| By Gale Greenlee on Friday, December 27, 2002 - 09:37 pm: |
I read an article in a puzzle book which mentioned that the expected value for the number of times you would have to toss a fair coin to get the result head-head was six, whereas the number required for head-tail is only four. Could anyone explain this? Gale
| By Demetres Christofides on Saturday, December 28, 2002 - 09:42 am: |
Hope this helps. (Case HH). If you still
can't show that the expected number of tosses is 6 then tell
me.

Demetres
| By Gale Greenlee on Monday, December 30, 2002 - 03:27 pm: |
Thanks Demetres.
Looking at Demetres flowchart I see, we have: M= trying for HH; N=
trying for HT; h=H occurred in the first toss; t=T occurred at the
first.
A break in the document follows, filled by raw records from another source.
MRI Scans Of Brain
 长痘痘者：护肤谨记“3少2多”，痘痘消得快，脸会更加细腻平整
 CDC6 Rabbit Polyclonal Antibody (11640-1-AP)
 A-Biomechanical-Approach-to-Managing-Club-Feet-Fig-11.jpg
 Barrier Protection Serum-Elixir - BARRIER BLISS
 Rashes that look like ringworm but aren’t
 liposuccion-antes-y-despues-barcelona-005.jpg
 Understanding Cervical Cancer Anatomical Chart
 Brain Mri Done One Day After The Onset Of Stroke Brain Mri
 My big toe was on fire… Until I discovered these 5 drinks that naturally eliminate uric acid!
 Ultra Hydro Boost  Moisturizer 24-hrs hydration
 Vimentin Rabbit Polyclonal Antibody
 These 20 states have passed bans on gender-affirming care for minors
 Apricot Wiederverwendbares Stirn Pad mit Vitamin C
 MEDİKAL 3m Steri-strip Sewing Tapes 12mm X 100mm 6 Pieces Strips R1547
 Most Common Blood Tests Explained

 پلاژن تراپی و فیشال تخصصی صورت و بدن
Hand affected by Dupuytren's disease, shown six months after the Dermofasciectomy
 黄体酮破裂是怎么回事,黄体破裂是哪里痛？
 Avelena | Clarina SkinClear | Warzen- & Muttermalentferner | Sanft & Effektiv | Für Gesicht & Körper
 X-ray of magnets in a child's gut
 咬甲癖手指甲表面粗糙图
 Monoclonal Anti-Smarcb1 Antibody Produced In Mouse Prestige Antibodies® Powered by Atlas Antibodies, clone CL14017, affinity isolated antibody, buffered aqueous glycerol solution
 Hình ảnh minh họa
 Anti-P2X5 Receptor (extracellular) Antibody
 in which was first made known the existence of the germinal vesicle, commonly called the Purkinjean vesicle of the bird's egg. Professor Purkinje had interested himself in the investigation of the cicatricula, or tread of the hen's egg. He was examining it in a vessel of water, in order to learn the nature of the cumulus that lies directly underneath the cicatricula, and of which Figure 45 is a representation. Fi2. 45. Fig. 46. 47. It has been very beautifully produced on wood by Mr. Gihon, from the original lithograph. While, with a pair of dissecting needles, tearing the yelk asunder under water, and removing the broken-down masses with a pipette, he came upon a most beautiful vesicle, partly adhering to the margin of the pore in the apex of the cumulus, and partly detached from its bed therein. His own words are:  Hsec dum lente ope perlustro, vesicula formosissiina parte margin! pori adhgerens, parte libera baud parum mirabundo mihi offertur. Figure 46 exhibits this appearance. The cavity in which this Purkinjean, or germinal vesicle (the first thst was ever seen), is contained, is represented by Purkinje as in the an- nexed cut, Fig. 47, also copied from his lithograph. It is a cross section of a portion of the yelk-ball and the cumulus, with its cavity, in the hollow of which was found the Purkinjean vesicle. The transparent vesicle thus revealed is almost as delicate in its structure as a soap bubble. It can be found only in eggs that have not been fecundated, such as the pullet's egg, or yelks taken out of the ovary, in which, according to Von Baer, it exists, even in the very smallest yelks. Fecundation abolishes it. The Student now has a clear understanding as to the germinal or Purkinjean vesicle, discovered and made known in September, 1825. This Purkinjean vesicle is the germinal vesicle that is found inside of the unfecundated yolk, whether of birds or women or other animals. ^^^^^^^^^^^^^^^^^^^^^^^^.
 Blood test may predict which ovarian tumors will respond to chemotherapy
We can also have th for TH occured first, htt for HTT
occured first etc.
For M -- the expected number of tosses to reach HH -- we have
M = (Mh + Mt)/2.
Now Mh = (Mhh + Mht)/2 = (2 + (1+Mt))/2 = (3+Mt)/2,
and Mt = (Mth + Mtt)/2 = ((1+Mh) +(1+Mt))/2 = (2 + Mh +
Mt)/2.
Solving the two above equations gives Mh = 5 and Mt = 7, so M =
6.
Similarly, for N we have N = ((Nh + Nt)/2 with
Nh = (Nhh + Nht)/2 = ((1+Nh) + 2)/2, and Nt = (Nth + Ntt)/2 =
((1+Nh) + (1+Nt))/2.
Solving gives Nh = 3 and Nt = 5, so N = 4.